Theorem \(\PageIndex{1}\) (far above) shows that we can adjust any case of multiple testing. However, Theorem \(\PageIndex{2}\) and Theorem \(\PageIndex{3}\) (just above) show that additional information (or assumptions) can help make adjustments that affect the test's power less.
In other words, additional information can help. We should not throw anything out.
This section explored the need for adjusting the \(\alpha\) to ensure that the claimed Type I error rate is no larger than the true Type I error rate. This is extremely important in inferential statistics. It is not, however, the only thing that needs to be examined.
Power (the probability of rejecting a false null hypothesis) is also quite important. Because of this, while the Bonferroni adjustment always works, it may reduce the power of the test to unacceptable levels. As such, understanding the relationships between and among the various tests is important in creating a superior adjustment.
The Runs Test
This section introduces the runs test (Bradley 1968; Mood 1940; Wald and Wolfowitz 1940). While you will not have seen it in your introductory statistics course, it is based on elementary concepts.
To begin, let us define a couple of terms.
A run is a sequential set of values all either above or below zero.
The length of a run is the number of elements in that run.
Let the following be residuals from a model.
\[
1.2, 3.5, -0.5, 8.9, -1.2, -1.6, -4.5, 0.6, 1.5, -7.9
\]
Let us calculate the number of runs.
Solution.
The first run is of length 2: \(\{1.2, 3.5\}\). The second run is of length 1: \(\{-0.5\}\). The third run is also of length 1: \(\{8.9\}\). The fourth through sixth runs are \(\{-1.2, -1.6, -4.5\}\), \(\{0.6, 1.5\}\), and \(\{-7.9\}\).

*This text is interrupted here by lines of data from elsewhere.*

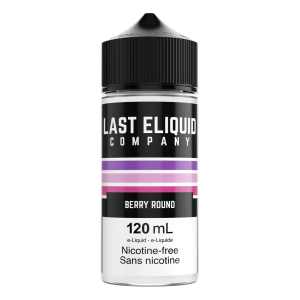 Berry Round - Last E-liquid Company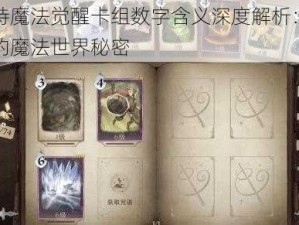 哈利波特魔法觉醒卡组数字含义深度解析：揭秘数字背后的魔法世界秘密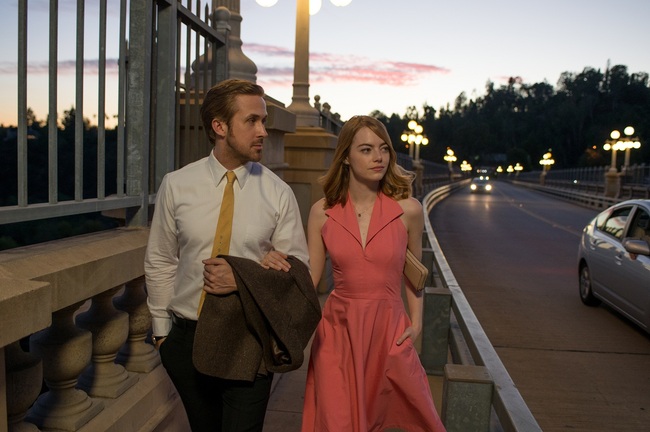 Ryan Gosling và Emma Stone - Cặp đôi của thế kỷ mộng mơ - Ảnh 8.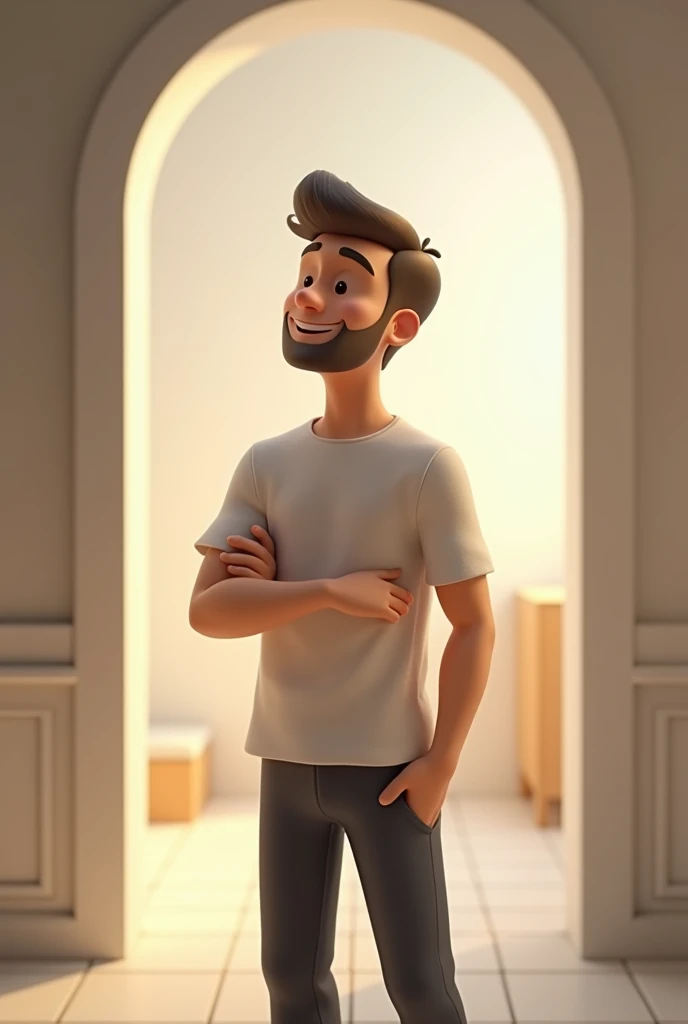 Me stopping misturbating and happy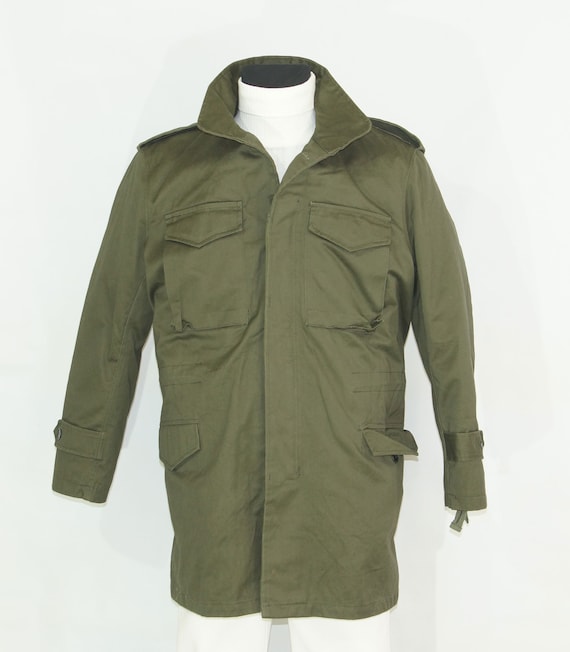 Army surplus jacket liner sale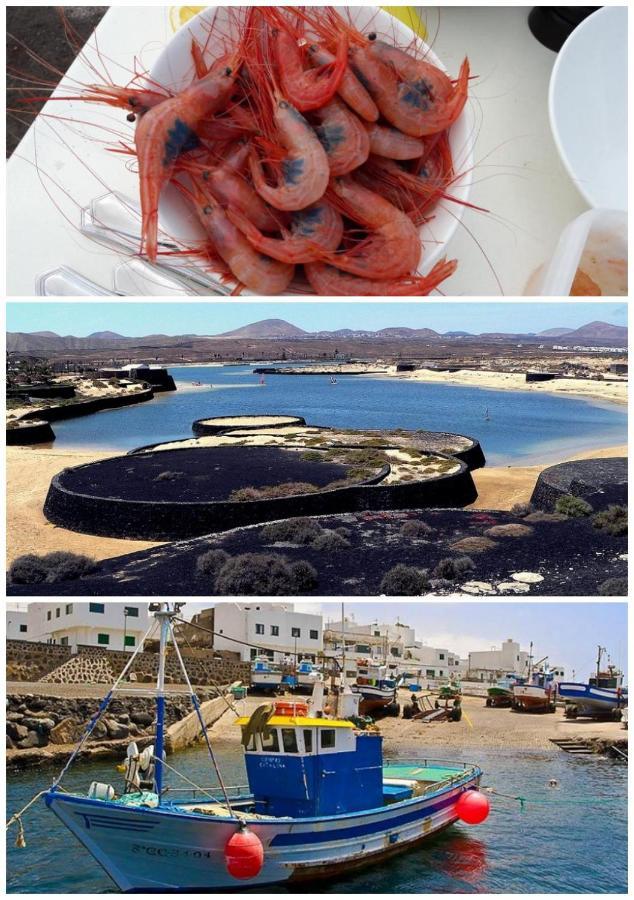 Bahia La Santa Apartments Lanzarote Eksteriør bilde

Thus, there are six runs in those 10 residuals.
\(\blacksquare\)
Before continuing, remind yourself of Figure 6.2.1 and Figure 6.2.2. In both graphics, the residual is colored blue if it is positive and pink otherwise. In Figure 6.2.1, there are long unbroken streaks (runs) of blue and pink. There are just three runs.
In Figure 6.2.2, the length of those runs is much reduced and the number is increased. There are now 12 runs in the 20 residuals.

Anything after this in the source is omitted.